I'm certain that he left me to suffer because he had a problem with my addiction. I should have made a formal complaint however he made me feel so crap about myself that I felt like I somehow deserved to be treated like shit.
This likely is correct. In the past 3 years, I've been hospitalized for close to 365 days, I've had 3 heart surgeries and a pacemaker put in, 18 weeks worth of IV antibiotics, and numerous other things due to infected abscesses from IV, blood infection, sepsis and endocarditis, also I lost my lower lobe in my right lung due to pulmonary emboli.
So, here's the thing: medical professionals are human beings. Some of them can't control their bias toward addiction. Going forward, the absolute best way to handle this, is just request a new doctor. Typically the nurse will be your best bet on how to achieve this, but if your nurse is biased about drugs (and you bet, there are some), then request someone in administration. I promise you, handle it civilly, intelligently and rationally, and you'll never be subjected to that again. Doctors and other medical professionals get away with it because they assume addicts won't know any better and will take it, prove their bias wrong.
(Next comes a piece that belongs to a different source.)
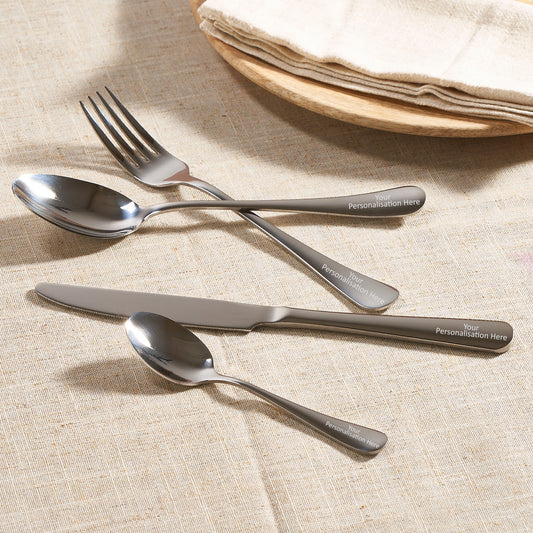 Personalised Stainless Steel 3 Piece Cutlery Set - MYLEE London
Trust me, it feels much better to win playing by the rules
This goes for outpatient care as well, I had to go through over 7 different pain management doctors, 5 different cardiologists and 3 different general practice doctors to find a doctor who understands addictions, has my best interest at heart and can then develop a great doctor/patient relationship with.
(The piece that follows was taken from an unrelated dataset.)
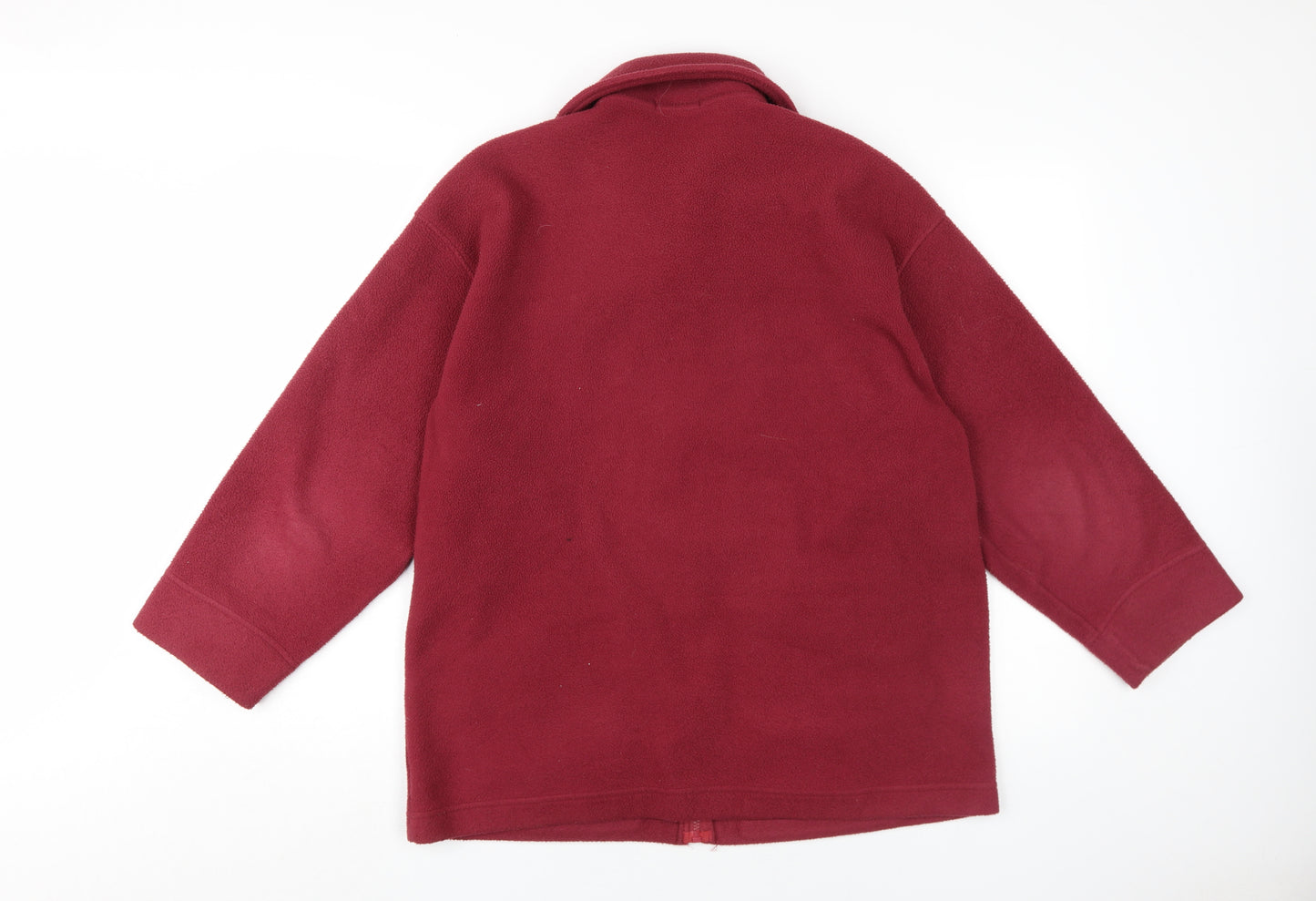Marks and Spencer Women's Red Fleece Jacket, UK 12, Cozy Zip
The only time this will backfire is with surgeons, those son's of bitches know they can't be replaced, and you (and the rest of humanity) will have to put up with their sometimes terrible bedside manner. But, one great thing, is if they take you on, you can be assured their own selfish ego will prevent them from harming you - they want their stats to have no complications.
Although I swear my third heart surgeon (who wasn't afraid to tell everyone he disliked me and didn't want to put in a new tricuspid valve - yes, he wanted to condemn me to a life with no tricuspid valve in my heart, the Chief of Cardiothoracic Surgery had to overrule him - purposefully cut my SA Node and forced me to have Total Heart Block and be reliant on a pacemaker for the rest of my life, he retired 37 days after my surgery so obviously didn't care about his stats)
Every day that disgusting prick of a human being would come in, in the ICU and start screaming at the nurses about why they would allow a junkie to be on a morphine pump. I hope he dies a slow, painful, miserable death.
I guess the moral of the story is to not use a surgeon who is going to retire any time soon.